Le premier projet a échoué, c’était un projet de fonds de roulement pour des pêcheurs au Mali près de Kayes. En me rendant sur place, je me suis rendue compte que l’argent destiné au projet avait été détourné. ADA leur a donc demandé de rembourser. Certes c’était difficile, mais je souhaitais rester sur le principe que nous avions adopté, à savoir rendre les gens responsables. Cela nous a fait comprendre qu’il est très difficile de travailler avec les petits micro entrepreneurs eux-mêmes. Donc à partir de ce moment-là, ADA a choisi de passer par des organisations intermédiaires, des IMF ou des coopératives pour mener à bien les projets.

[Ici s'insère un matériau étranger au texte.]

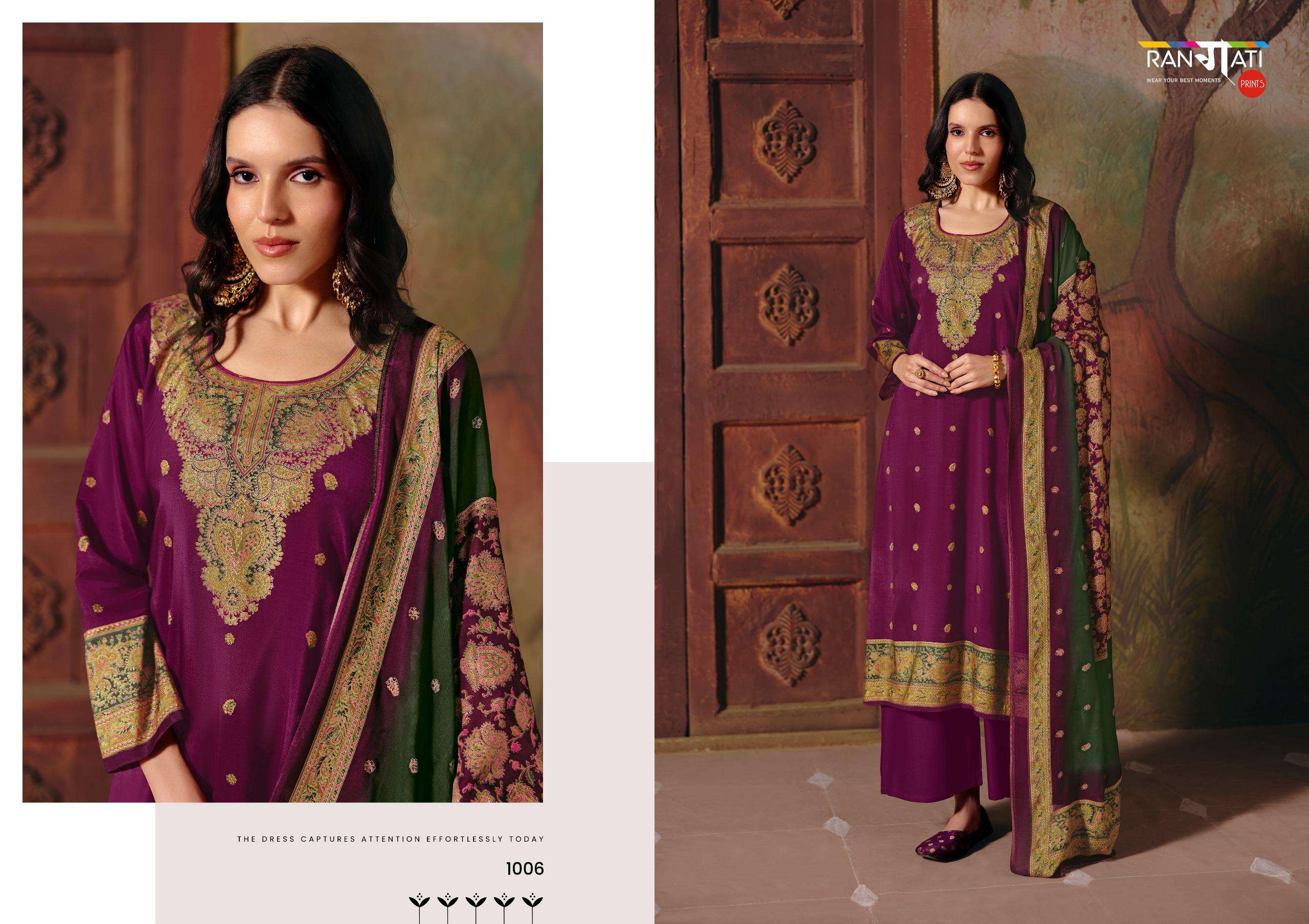 RANGATI PRINTS JAMAWAR VOL 2 VISCOSE DESIGNER WORK LADIES SUIT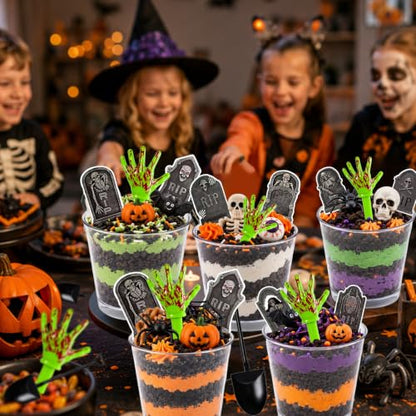 Halloween Graveyard Dessert Cups Kit with Spooky Decorations for Party Treats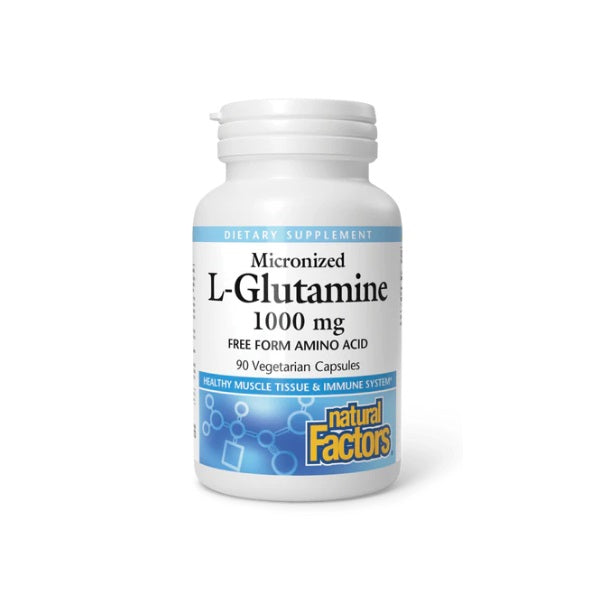 L-Glutamine Micronizado 1,000 mg (90 vcap), Natural Factors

ADA a commencé ses activités avec 300 000 francs luxembourgeois (7 500€ environ), c’était peu. Il fallait donc multiplier les fonds. Nous avons donc commencé par de petits projets pour récolter des fonds propres, afin de pouvoir poursuivre avec des projets plus importants. Le projet de garantie bancaire en est un exemple. L’idée des garanties était tout à fait nouvelle, mais elle permettait d’intégrer les banques luxembourgeoises dans la dynamique de la microfinance et de familiariser nos partenaires « Sud » avec le secteur bancaire local. Ça a été bien reçu par la BIL et par le gouvernement. Nous avons fait un projet pilote pour la garantie bancaire avec 4 organisations : RCPB (Burkina), Kafo Jiginew (Mali), FIE (Bolivie) et ProEmpresa (Pérou). Nous avons donc déposé un fonds de 8 millions auprès de la BIL à Luxembourg, à hauteur de 2 millions par organisation, dans lequel participaient le gouvernement luxembourgeois et ADA. La BIL nous donnait à ce moment-là un intérêt assez conséquent sur le fonds placé. Et avec ce fonds, la BIL nous faisait 4 lettres de garantie. ADA a su accompagner les partenaires pour négocier avec les banques sur place un crédit avec un effet multiplicateur. A la fin, nous avons eu un multiplicateur de 10.
Votre action était-elle bien accueillie par le gouvernement luxembourgeois ?
ADA était bien reçue par le gouvernement puisqu’elle venait avec un projet novateur et intéressant à appuyer. A Luxembourg, nous avions aussi l’avantage d’être dans un milieu financier. Par son approche professionnelle, ADA n’a pas eu de problème pour s’imposer. La reconnaissance de ADA au niveau des réseaux internationaux a certainement été favorable. Mais il y avait d’un autre côté la réaction des autres ONG qui étaient très attachées encore à ces donations et qui nous critiquaient, notamment lors de réunions ou d’interviews à la radio parfois très dures.
Quels ont été les premiers partenaires clés avec qui ADA a collaboré ?
Les premiers partenaires étaient situés au Mali (Kafo Jiginew), au Burkina Faso (FCPB), en Namibie, en Afrique du Sud, en Bolivie (FIE) et au Pérou (ProEmpresa). Au niveau des échanges d’expériences et d’expertise, il y a eu tant de personnes qu’il est difficile de les nommer toutes : Dominique Lesaffre de Rafad, actuellement SIDI, était un ami et conseiller précieux. Aussi Kimanthi Mutua, PDG de K-Rep Group Limited au Kenya. Nous n’avons jamais eu de projets ensemble car K-Rep était trop important par rapport aux fonds que ADA pouvait mettre. Néanmoins, nous avons eu énormément de séminaires, de discussions et d’analyses ensemble. Sans oublier Damian Von Stauffenberg de MicroRate, etc.
Quel était l’état du secteur lorsque vous avez quitté ADA ?
Lorsque j’ai quitté ADA, la microfinance était bien introduite à Luxembourg. Certaines grandes ONG avaient commencé à faire des crédits, sur le même principe que ADA. Nous n’avions aucun problème à recevoir des fonds du gouvernement. Notre réputation à l’étranger comme à Luxembourg était solide. Avant mon départ, Axel de Ville a été bien préparé pour prendre la relève. Maintenant que ADA est bien plus grande, je ne peux que me réjouir du chemin parcouru et me dire « j’ai eu raison de relever ce défi ».